Lakes and Rivers

Rustic canoe-camping on an island, northern lights, abundant flora, and paddleboarding — the options are endless on the lakes and rivers of Québec.

Text — Juliette Leblanc & the BESIDE team

The streams and rivers of Québec number in the thousands. The lakes too. Many are found in national and regional parks, which allows us to take full advantage of these waterways in the summer months. If you’re looking for adventure and discovery, if you’re longing to watch the mist evaporate over a river, or if you’re yearning to see the sun set behind the horizon of a big lake, here’s a dive into 50 shades of blue..

Photo: Alexandra Côté-Durrer


Abitibi: a playground of 22,000 lakes

On this trip: canoeing, northern lights, and wildlife observation

Témiscamingue and its thousands of waterways will take your breath away. The area contains nearly 22,000 lakes and rivers — so many good reasons to stop the car for a picnic or siesta at the water’s edge. Still not convinced? Here are some more numbers! With 2.2 inhabitants per km2. Abitibi-Témiscamingue officially qualifies as a wilderness.

Parc national d’Opémican, which opened officially in 2019, covers three distinct sectors of the region (Rivière-Kipawa, Pointe-Opémican, and Lac-Marsac); it boasts thousands of kilometres of shoreline and hundreds of islands. The Kipawa sector provides opportunities for stellar expeditions suited to paddlers of all levels. You’ve been dreaming of trying canoe-camping — solo or as a family — for a long time? This is your chance. For those who want to gather in small groups in the woods, Exode offers packages that vary from a single day to a week-long trip.

Photo: Exode
Photo: Exode

Little-known fact: the mythic Topping campsite, located at the mouth of the Kipawa River on Lake Témiscamingue, was featured in five films between 1923 and 1930! The grand waterfalls of the Kipawa River remain just as stunning to this day.

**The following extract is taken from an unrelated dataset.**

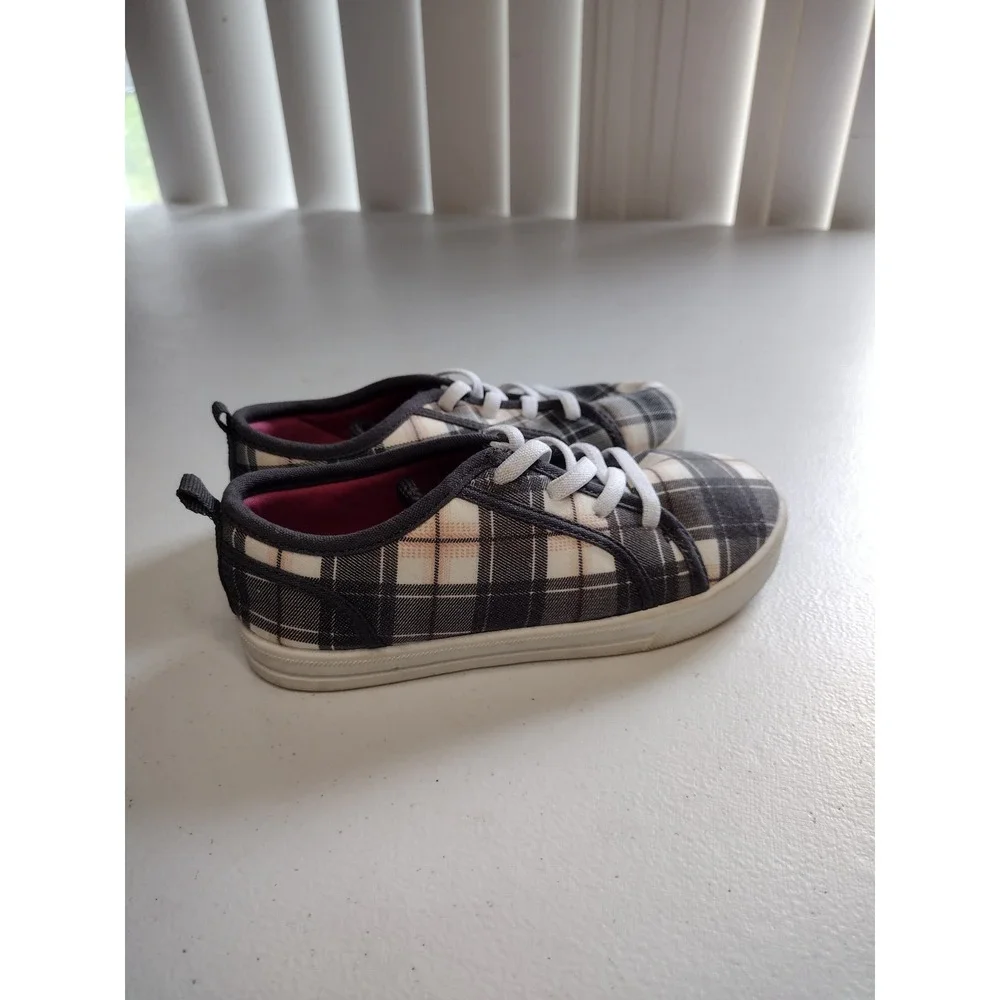 OshKosh Bgosh classic low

And since you’ve already come all this way, why not explore the area even further? Drive to the Parc national d’Aiguebelle, a little past Rouyn-Noranda. You never know, you might see a moose, beaver, mink, heron, or an osprey. The twin lakes of La Haie and Sault are definitely not to be missed. Le Patineur campground offers an exceptional view of Lac Patrice — a quiet, peaceful place where you might even catch sight of the northern lights. A colony of great herons is also hidden on one of the islands in Lac Loïs.


Guillaume’s tip: Our collaborator Guillaume Rivest from Abitibi, founder of Exode, recommends going paddling on the Rivière Dumoine, one of the most beautiful rivers in Québec.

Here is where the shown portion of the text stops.